The core question is simple:
At what point does a trade become statistically unlikely to recover?
Rather than guessing, I modeled probability of recovery as a function of MAE-to-date and market context, and then asked multiple models the same question.
What surprised me was not the answer — but how consistent it was.
The Setup
Data
- Instrument: ES (1-minute bars)
- Regime: PA-FIRST
- Sample size: 639 trades
- Features:
- MAE-to-date (true adverse excursion using high/low)
- ATR (1m)
- Distance from EMA
- EMA slope
- Minutes in trade
- Regime (one-hot encoded)
Label
A trade is considered recovered if final PnL > 0.
The models predict:
P(recover | current MAE-to-date, context)
Models Compared
I trained and evaluated two nonlinear models:
1. Random Forest
- Strong baseline
- Handles nonlinearity and interactions
- Often criticized for instability
2. Gradient Boosted Trees (Histogram-based)
- Faster convergence
- Strong bias control
- Often outperforms RF on tabular data
Both models were trained identically:
- Grouped by
trade_id(no leakage) - Same features
- Same probability threshold extraction logic
How the Stop Level Is Derived
Instead of using the model output directly, I apply a policy extraction step:
- Predict
P(recover)at each 1-minute snapshot - Bin snapshots by MAE-to-date
- Find the first MAE level where:
mean P(recover) < 0.20
- Use that MAE as the model-derived max stop level
This turns a probabilistic model into a deterministic, auditable risk rule.
The Result
Both models independently produced the same stop level:
| Regime | Threshold | Max Stop (pts) | Observations |
|---|---|---|---|
| PA-FIRST | P(recover) < 0.20 | ** 9.9** | 639 |
This is remarkably close to the heuristic I had previously derived by hand:
- Caution zone ≈ 9.5 pts
- Hard failures accelerate ≈ 10–11 pts
- Kill switch ≈ 12 pts
Why This Matters
When different model families agree, it usually means:
- The signal is structural, not model-specific
- MAE-to-date is the correct axis
- The decision boundary is stable
- The result is unlikely to be a coincidence
In other words:
This stop level is being discovered, not fit.
Design Implications
In live trading, this becomes:
- Model exit: MAE-to-date ≈ 9.9 pts
- Hard kill switch: 12.0 pts (safety backstop)
- Execution floor: small buffer (e.g. 0.5 pts) to avoid noise
The model doesn’t replace discipline — it quantifies it.
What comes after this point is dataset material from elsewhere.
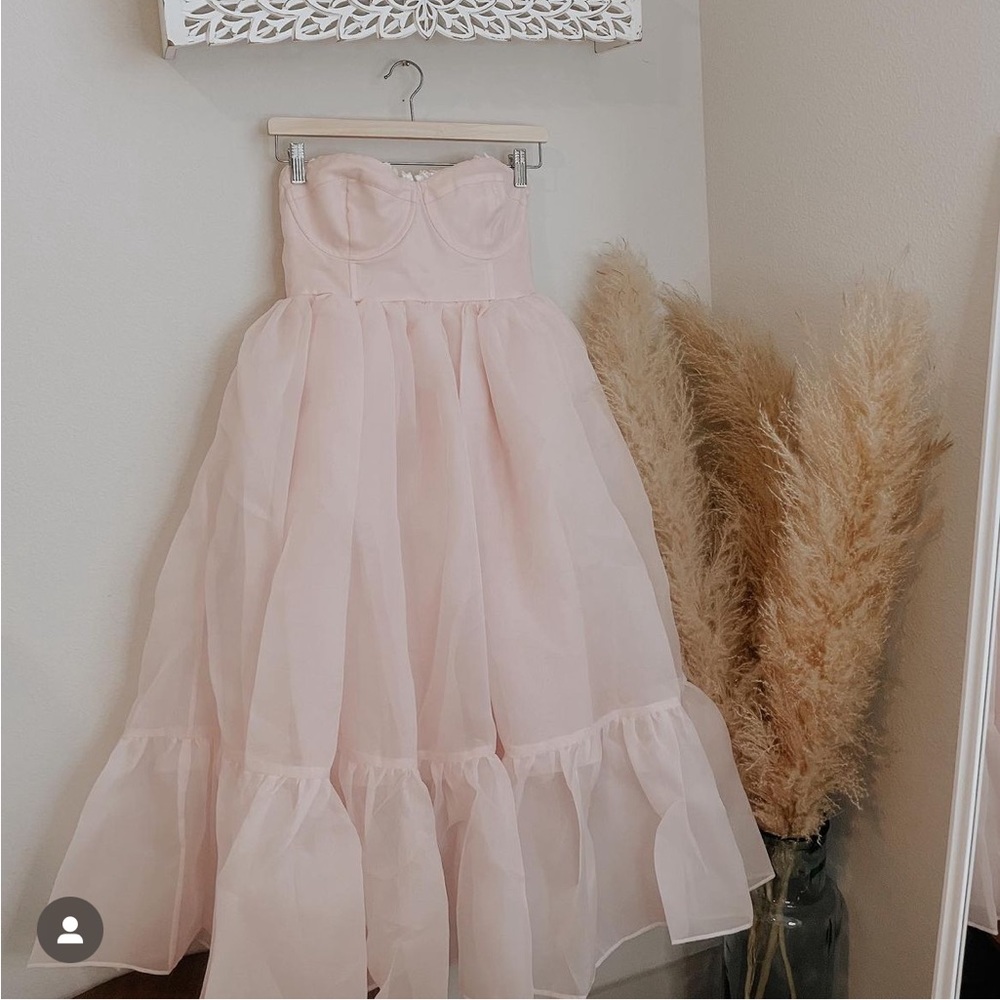 Selkie puff dress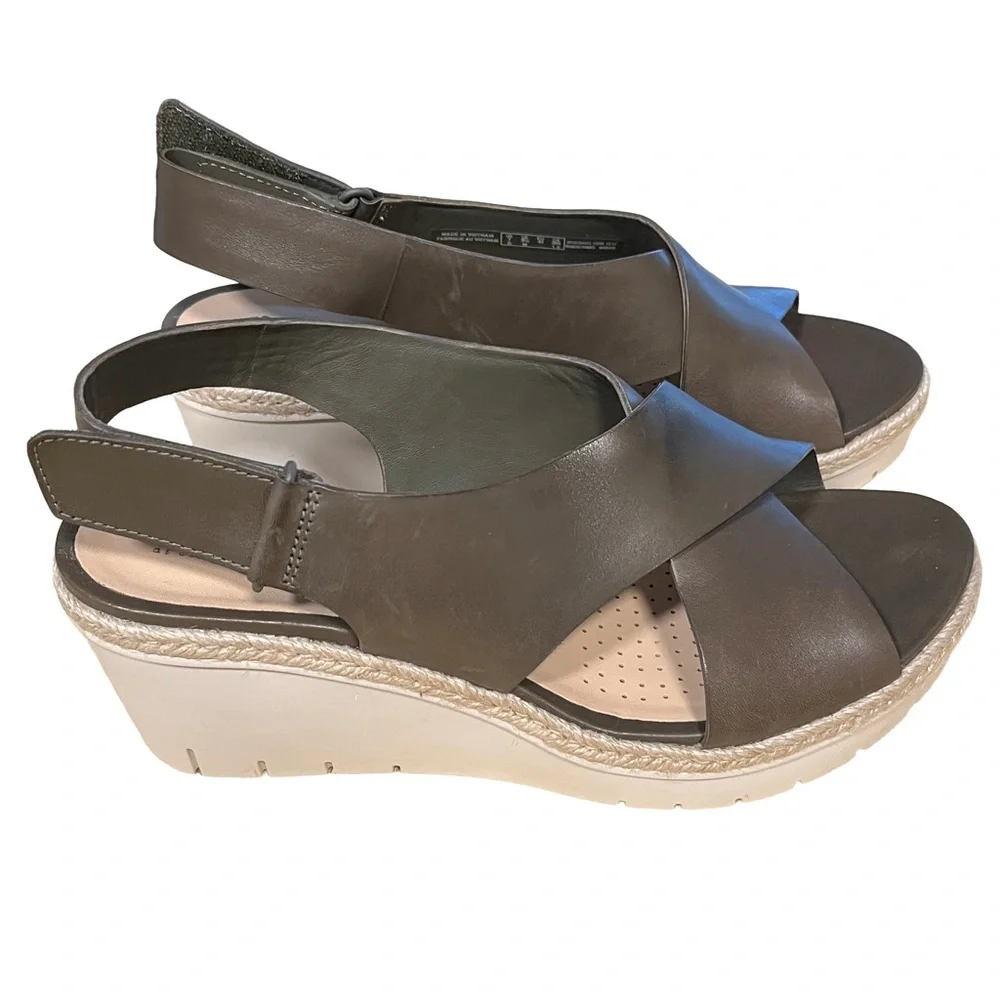 NEW Clarks Artisan Khaki Green Sz 9.5 Criss Cross Leather Wedge Womens Sandal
A Subtle but Important Insight
This approach does not require loading models in production.
The models are used offline to learn regime-conditioned stop policies, which are then written to a database and consumed by the live execution engine.
That keeps live systems:
- simpler
- safer
- easier to reason about
What’s Next
This was just PA-FIRST.
The real test (and likely divergence) comes with:
- ATM-FIRST trades
- higher volatility regimes
- time-conditioned policies (early vs late trade)
- asymmetric logic (tighten vs exit)
But the takeaway stands:
If Random Forests and Gradient Boosting agree on the same stop level, the market is telling you something worth listening to.
This post is part of an ongoing effort to replace intuition-driven trading rules with observable, testable system behavior.